BRIAN SNYDER/REUTERS

BRIAN SNYDER/REUTERS

The Rangers and the Bruins are set to do battle in the Eastern Conference Semis, and this series is expected to be as difficult a series as the Washington series.┬áThe Rangers haven’t faced the Bruins since the very beginning of the season, so their 2-0-1 record against the Bruins this season does not reflect the deadline deals that both teams made. Coming into the playoffs, the Rangers were one of the hottest teams in the NHL, and the Bruins were playing .500 hockey. Now they both have great momentum, with the Rangers taking the final two games against the Caps and the Bruins coming back from down 4-1 in the third to dispatch the Leafs in seven.

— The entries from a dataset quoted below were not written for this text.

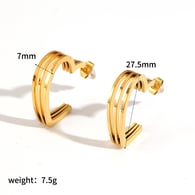 TE60573 Immagine3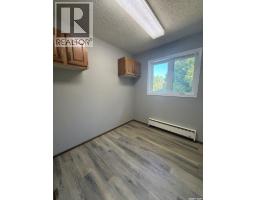 4pc Bathroom - 216 3rd Avenue E, Eatonia, SK S0L0Y0 Photo 7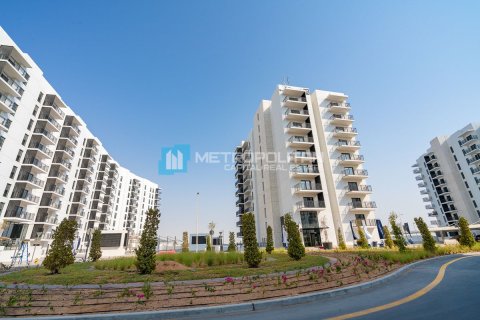 3 bedrooms Apartment in Darna, Vietnam No. 94416 17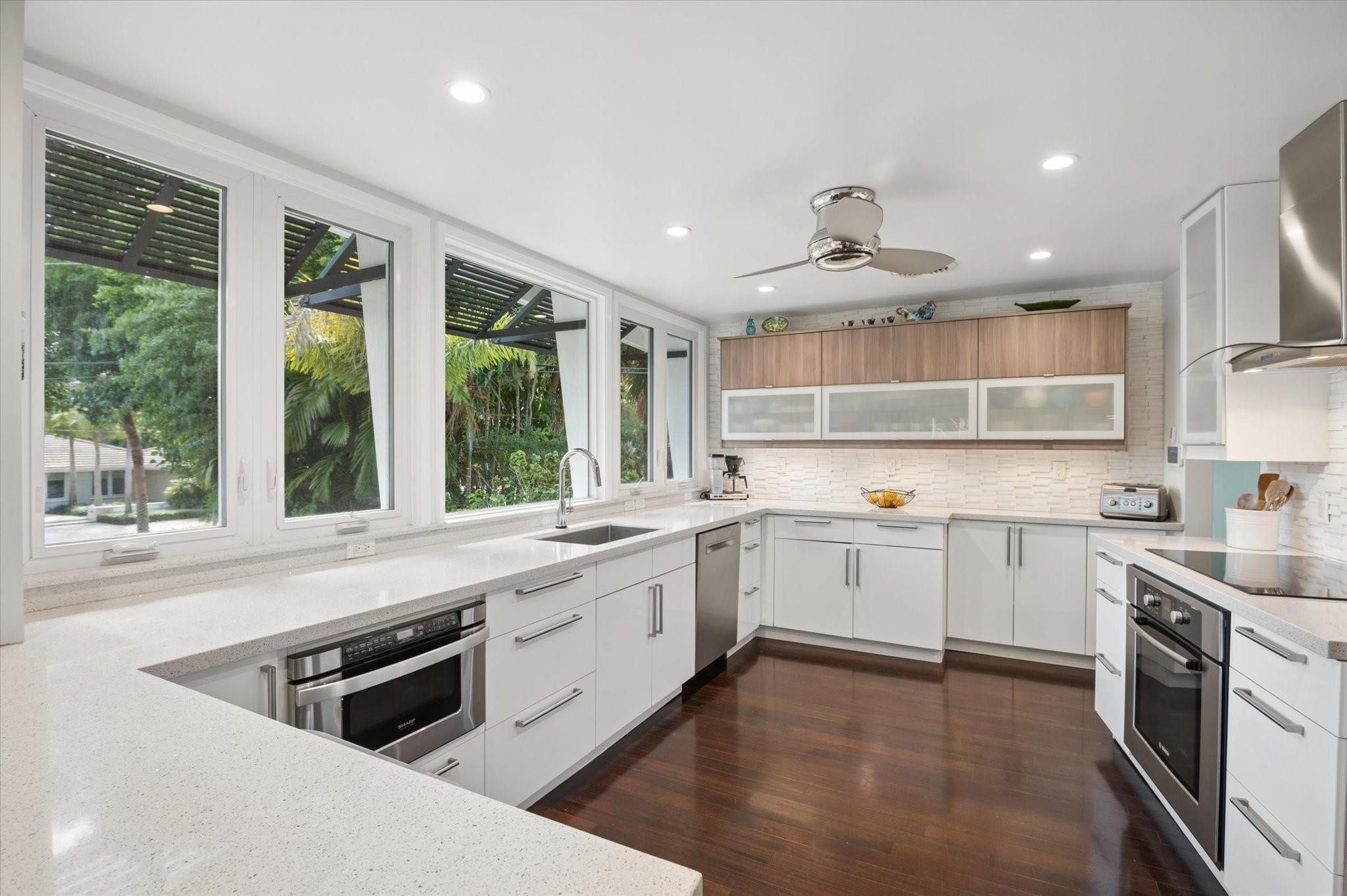 2609 NE 8th Fort Lauderdale, FL 33304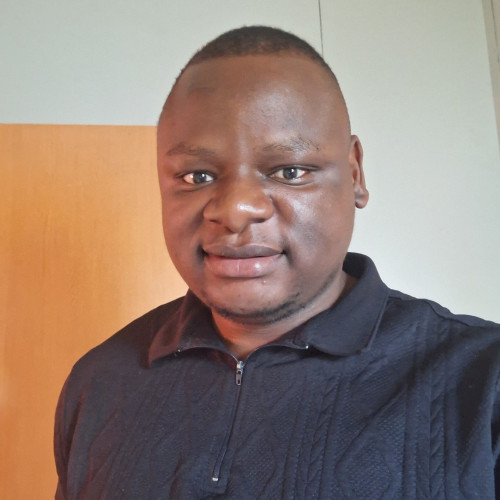 Oganeditse  S. profile photo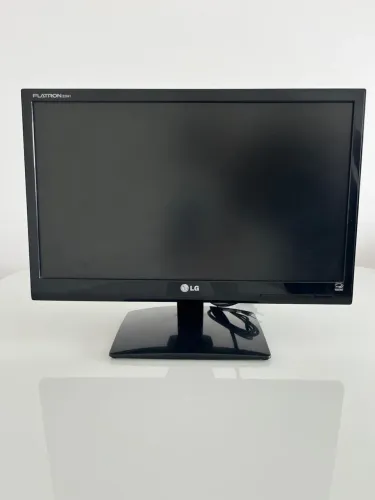 Monitor LG Fatlon 21 polegadas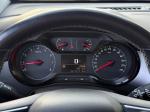 opel-crossland-x-2018-gasolina-1199cc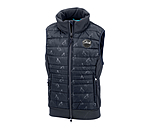 kids combi rij-bodywarmer Sarah II
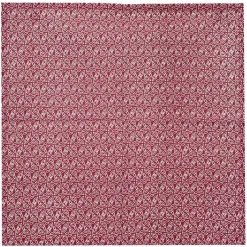 Lot de 4 serviettes de table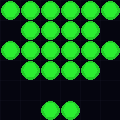 102.78.47.4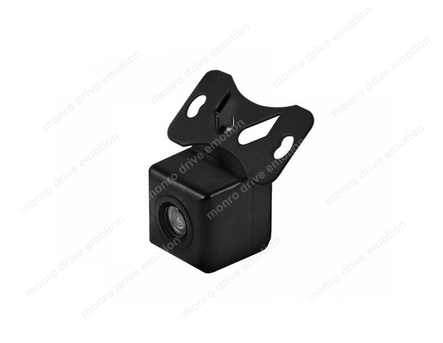 Камера заднего вида GT C15 (NTSC)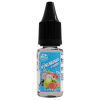 Red Dragon E-Liquid Sp kenkieker - 10 ml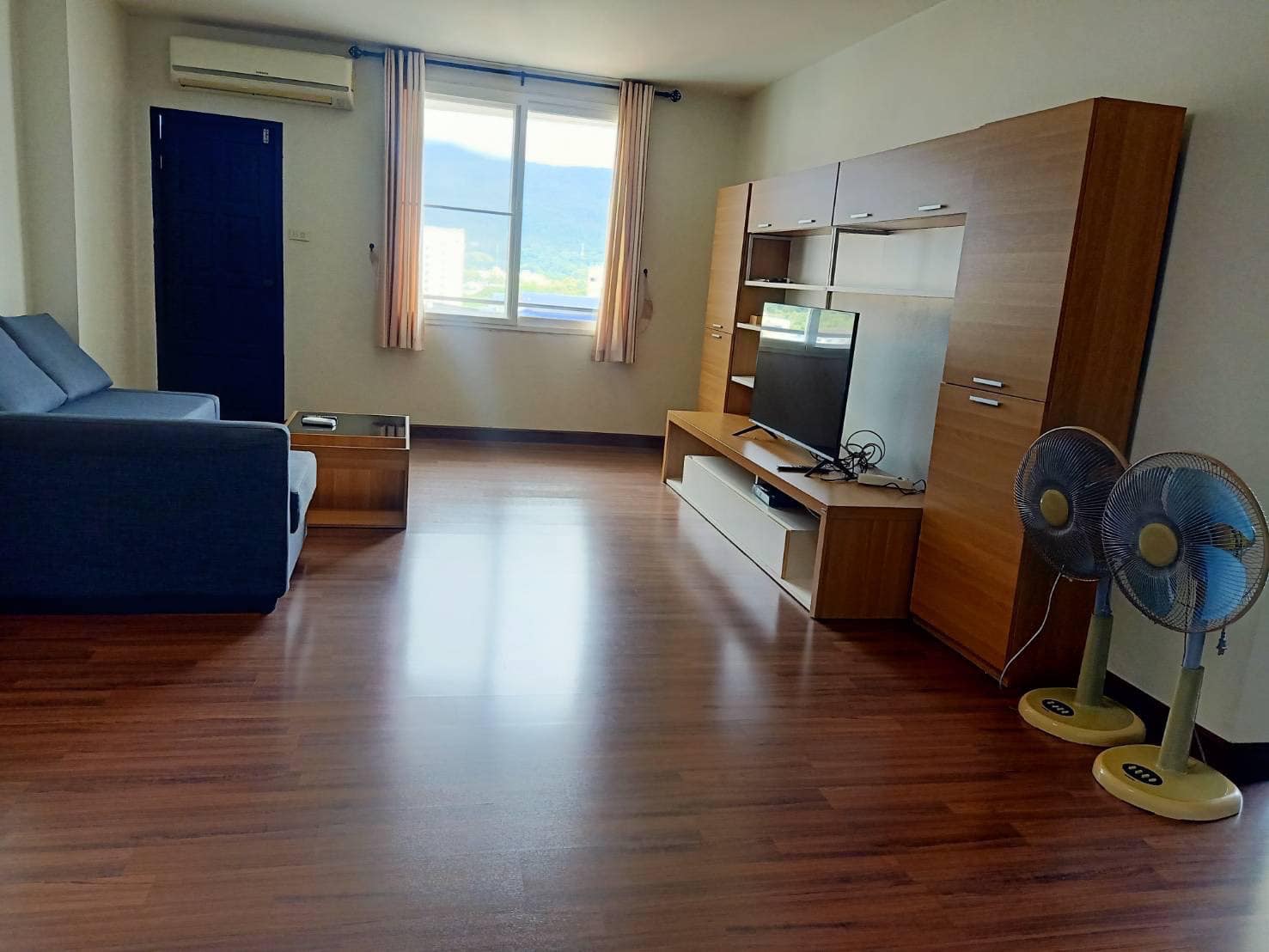 The Trio Condominium - Image 1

The Bruins and Rangers are very similar teams in makeup, but they play two very different styles of hockey. The Rangers are a very aggressive team, and the Bruins are the exact opposite. Boston plays a trapping style and a passive, physical game to wear down their opponents. The only similarity between the Rangers and the Bruins is that they are both stellar defensive teams.

Forechecking

The Bruins are a very passive team, and you will frequently see them send just one forechecker into the fray. Claude Julien uses a 1-2-2 and a 1-4 forecheck, which focuses on clogging the neutral zone and preventing zone entries on the rush. However, don’t be fooled by their passive system. The Bruins have mastered this style –having played it without much roster turnover for the better part of the 2010′s– and are one of the best teams at even strength. The Bruins are much simpler than the Caps, as you will rarely see them mix up their styles at even strength. That said, simpler doesn’t mean worse, it just means simpler. The Bruins are a transition team, and will burn you if you turn the puck over.

Defensive Zone

The defensive zone is where the Bruins and Rangers begin to show similarities in their style of play. The Bruins, like the Rangers, play a hybrid strong-side overload and low zone collapse, depending on puck location and game situation. The basic premise of the strong side overload is to outnumber the offensive players along the half boards, take the puck away, and transition to offense. If the opposition manages to get the puck to the weak side or below the goal line, the Bruins will then switch to a low zone collapse, which clogs the middle and takes away shooting lanes by blocking shots.

Powerplay

Believe it or not, the Rangers actually have an advantage on the powerplay. The Bruins are awful with the man advantage, and a lot of it has to do with the same issues we see with the Rangers. They are very static in their umbrella powerplay –something the Rangers use frequently when they have the man advantage– and pass up on quality shot attempts. That said, the Bruins still have Zdeno Chara out at the point, and his shot is capable of ending wars. This team has the skill to be deadly on the powerplay, especially when you look at the personnel deployed with the man advantage.

Penalty Kill

Generally, teams will cycle between a diamond, a box, and a wedge+1 depending on puck location and powerplay setup. The Bruins are no different here, but I didn’t see much of a diamond setup in their series with the Leafs. We may see that a bit more against the Rangers, as the Rangers alternate between an umbrella powerplay and a 1-3-1. When the Rangers switch to the 1-3-1, expect the Bruins to shift into a diamond or a wedge+1. When the Rangers are in an umbrella, expect the Bruins to shift to a standard box.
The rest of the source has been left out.